[[ SOURCE INFORMATION open ]]
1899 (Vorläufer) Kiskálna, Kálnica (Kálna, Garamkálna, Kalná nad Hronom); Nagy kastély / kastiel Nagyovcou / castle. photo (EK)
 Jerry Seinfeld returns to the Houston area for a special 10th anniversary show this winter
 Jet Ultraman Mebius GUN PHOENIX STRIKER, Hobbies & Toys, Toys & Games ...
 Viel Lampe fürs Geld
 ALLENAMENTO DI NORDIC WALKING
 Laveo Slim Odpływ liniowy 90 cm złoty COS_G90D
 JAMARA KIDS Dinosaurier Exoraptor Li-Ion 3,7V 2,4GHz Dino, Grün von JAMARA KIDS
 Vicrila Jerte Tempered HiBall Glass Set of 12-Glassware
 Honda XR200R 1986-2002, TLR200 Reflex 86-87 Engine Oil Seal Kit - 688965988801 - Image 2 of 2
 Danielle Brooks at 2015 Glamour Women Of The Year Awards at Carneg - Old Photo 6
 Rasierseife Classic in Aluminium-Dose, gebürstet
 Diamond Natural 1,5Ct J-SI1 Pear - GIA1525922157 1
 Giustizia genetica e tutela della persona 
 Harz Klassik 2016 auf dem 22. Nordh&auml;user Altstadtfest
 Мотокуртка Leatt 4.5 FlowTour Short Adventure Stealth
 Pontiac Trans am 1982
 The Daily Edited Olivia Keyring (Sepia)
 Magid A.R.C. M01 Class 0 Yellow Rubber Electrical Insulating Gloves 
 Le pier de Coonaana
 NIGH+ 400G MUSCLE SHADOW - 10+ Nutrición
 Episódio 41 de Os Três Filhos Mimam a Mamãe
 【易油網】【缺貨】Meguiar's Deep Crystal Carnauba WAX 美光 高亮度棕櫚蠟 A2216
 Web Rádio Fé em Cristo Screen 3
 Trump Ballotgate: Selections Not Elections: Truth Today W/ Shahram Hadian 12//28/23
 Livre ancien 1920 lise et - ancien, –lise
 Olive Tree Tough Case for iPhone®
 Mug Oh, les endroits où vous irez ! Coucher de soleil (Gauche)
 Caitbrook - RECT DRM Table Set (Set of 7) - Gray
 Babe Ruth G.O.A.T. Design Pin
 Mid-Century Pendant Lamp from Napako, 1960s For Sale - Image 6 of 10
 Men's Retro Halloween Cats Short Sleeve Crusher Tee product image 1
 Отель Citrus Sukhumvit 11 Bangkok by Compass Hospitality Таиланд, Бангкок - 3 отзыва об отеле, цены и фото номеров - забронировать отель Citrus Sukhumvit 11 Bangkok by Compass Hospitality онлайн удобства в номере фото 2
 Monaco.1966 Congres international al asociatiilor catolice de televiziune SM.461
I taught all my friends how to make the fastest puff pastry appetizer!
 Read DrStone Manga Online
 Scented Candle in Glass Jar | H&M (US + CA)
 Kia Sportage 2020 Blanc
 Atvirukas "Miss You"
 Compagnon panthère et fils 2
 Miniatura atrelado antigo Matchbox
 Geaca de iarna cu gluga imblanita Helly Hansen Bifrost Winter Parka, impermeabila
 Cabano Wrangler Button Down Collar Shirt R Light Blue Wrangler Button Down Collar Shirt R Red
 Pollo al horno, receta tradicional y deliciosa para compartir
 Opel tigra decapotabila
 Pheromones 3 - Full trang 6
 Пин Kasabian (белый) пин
[[ SOURCE INFORMATION closed ]]
● WORK INSTRUCTION
Would you print exactly the lines from the first line of the entries above through the line that has "Pontiac Trans am 1982", both included, and stop there?

● TASK RESPONSE
1899 (Vorläufer) Kiskálna, Kálnica (Kálna, Garamkálna, Kalná nad Hronom); Nagy kastély / kastiel Nagyovcou / castle. photo (EK)
 Jerry Seinfeld returns to the Houston area for a special 10th anniversary show this winter
 Jet Ultraman Mebius GUN PHOENIX STRIKER, Hobbies & Toys, Toys & Games ...
 Viel Lampe fürs Geld
 ALLENAMENTO DI NORDIC WALKING
 Laveo Slim Odpływ liniowy 90 cm złoty COS_G90D
 JAMARA KIDS Dinosaurier Exoraptor Li-Ion 3,7V 2,4GHz Dino, Grün von JAMARA KIDS
 Vicrila Jerte Tempered HiBall Glass Set of 12-Glassware
 Honda XR200R 1986-2002, TLR200 Reflex 86-87 Engine Oil Seal Kit - 688965988801 - Image 2 of 2
 Danielle Brooks at 2015 Glamour Women Of The Year Awards at Carneg - Old Photo 6
 Rasierseife Classic in Aluminium-Dose, gebürstet
 Diamond Natural 1,5Ct J-SI1 Pear - GIA1525922157 1
 Giustizia genetica e tutela della persona 
 Harz Klassik 2016 auf dem 22. Nordh&auml;user Altstadtfest
 Мотокуртка Leatt 4.5 FlowTour Short Adventure Stealth
 Pontiac Trans am 1982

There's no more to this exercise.